Review: La vida que te espera (2003)


La vida que te espera (2003)

Directed by: Manuel Gutierrez Aragon | 100 minutes | drama, romance | Actors: Juan Diego, Luis Tosar, Marta Etura, Clara Lago, Celso Bugallo, Víctor Clavijo, Xosé M. Olveira, José Luis Bernal, Rei Chao, Alfonso Agra, Rosa Álvares, Santi Prego, Manuel Millán, Laura Silva, Laura Bueno, Tasio Fernandez

The film was shot in the breathtakingly beautiful mountain landscapes of Cantabria, where the emptiness almost takes your breath away. The story emotionally sketches a still existing, but at the same time slowly dying image of farming communities that conduct their business entirely according to their own traditions and views formed over the centuries. The film shows a beautiful picture of the irrevocability with which their lives are doomed to change drastically as time progresses. Here too, in this remote valley, the all-determining hand of “Brussels” extends and rules about milk quotas and permitted numbers of livestock determine the lives of these smallholders. The primitive conditions under which they live and the way in which this affects their entire mentality and world of thought is beautifully sketched. The suspicion of everything that comes from outside is because of centuries of isolation in their genes.

After a fight between the two farm neighbors and the death of Severo, the blossoming love between the murdered farmer’s son and the neighbor’s daughter determines the further story. The line of this story has been kept relatively simple and small, but is nevertheless sufficient due to the subdued play of the actors and the magnificent images with the calm camerawork that keeps the attention well. This is certainly not just a pretty picture film. Slowly and carefully a sketch of traditions and customs develops.

The way in which the young daughters are able to maintain and develop themselves in such remote regions and under such living conditions is credibly elaborated.
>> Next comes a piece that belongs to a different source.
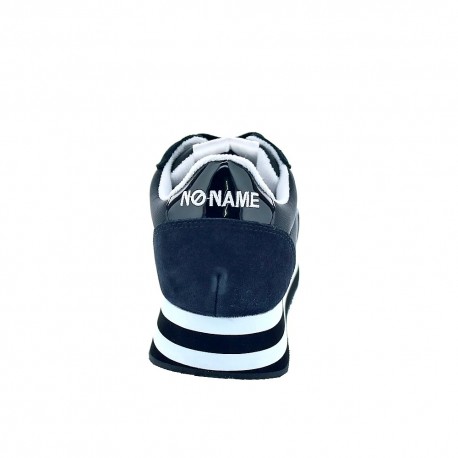 Zapatillas No Name zapatos Mujer modelo Flex Jogger Negro Cordón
The story about taking part in a local competition for the cow that produces the most milk is less strong. A small radio brought along means that the cow, apparently sensitive to cheerful music, is particularly stimulated to produce extra large milk. Fortunately, the scenario does have some surprising developments with regard to who actually is the perpetrator of the murder and to what extent Rai has suspicions about the identity of that murderer. A grumpy egotistical father turns out to be of the rough shell white pit type. That fits in with the story and makes it not too predictable. That ending will come to a good end, but we won’t reveal how here.